Start of Block

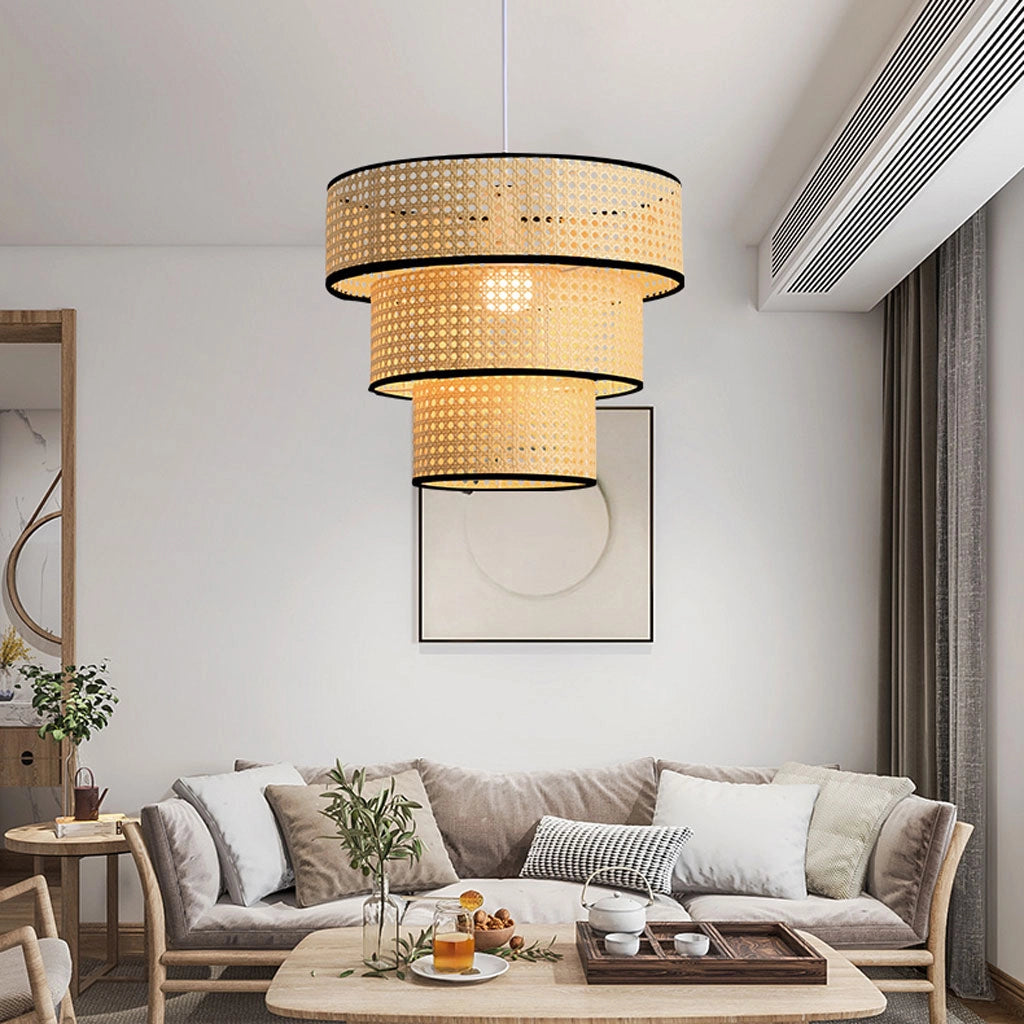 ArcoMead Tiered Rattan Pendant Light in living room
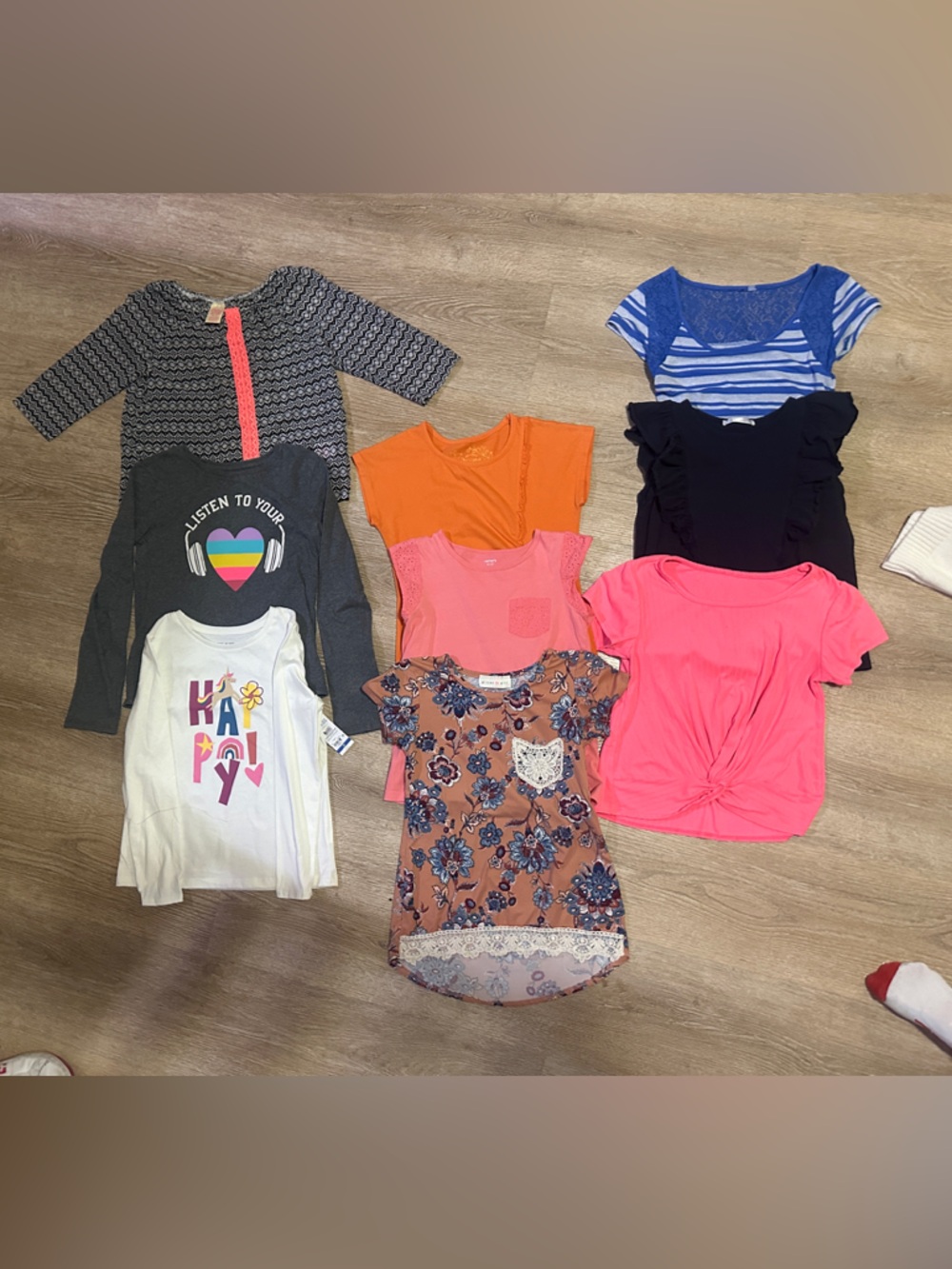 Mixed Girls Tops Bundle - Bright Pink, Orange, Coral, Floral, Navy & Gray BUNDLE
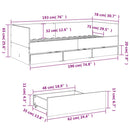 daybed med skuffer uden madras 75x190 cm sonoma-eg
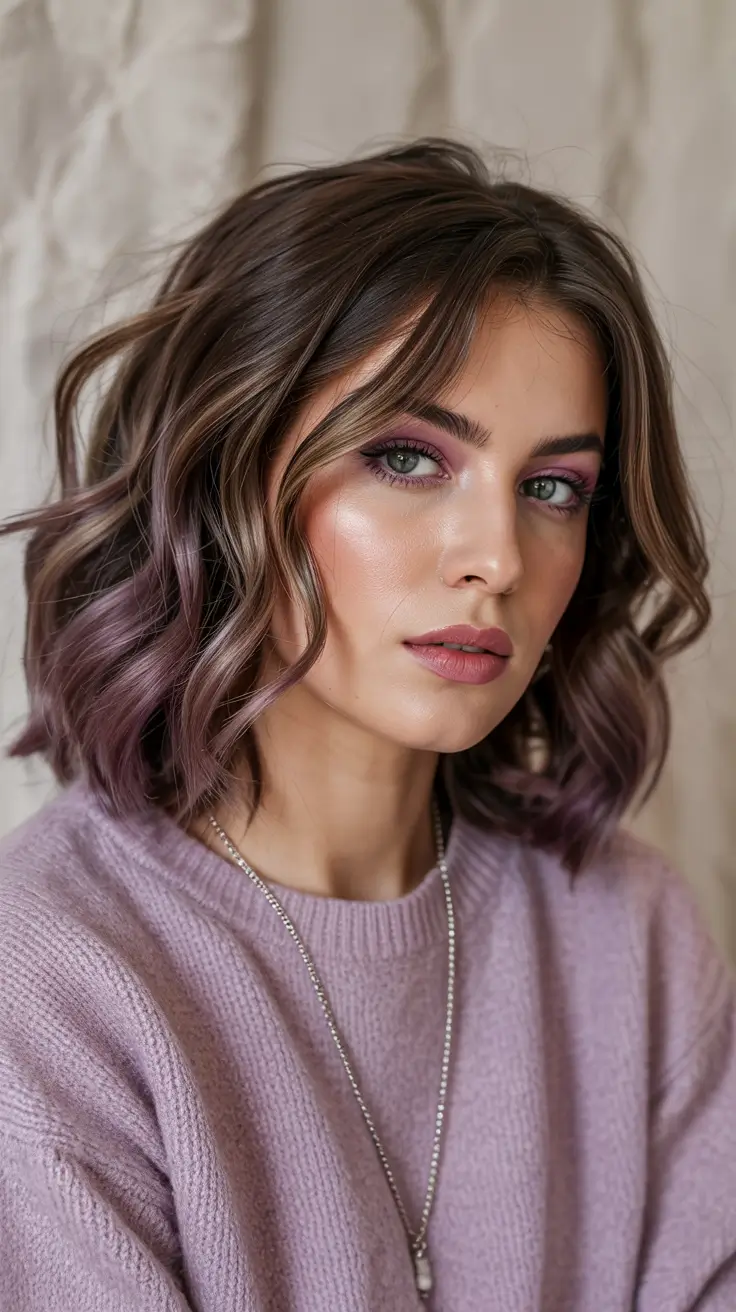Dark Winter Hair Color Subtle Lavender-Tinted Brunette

End of Block

§ **Task requirements**:
Every line of the data above is to be set down word for word, with the pictures left out.

§ **Answer to the problem**:
 ArcoMead Tiered Rattan Pendant Light in living room
 Mixed Girls Tops Bundle - Bright Pink, Orange, Coral, Floral, Navy & Gray BUNDLE
 daybed med skuffer uden madras 75x190 cm sonoma-eg
Dark Winter Hair Color Subtle Lavender-Tinted Brunette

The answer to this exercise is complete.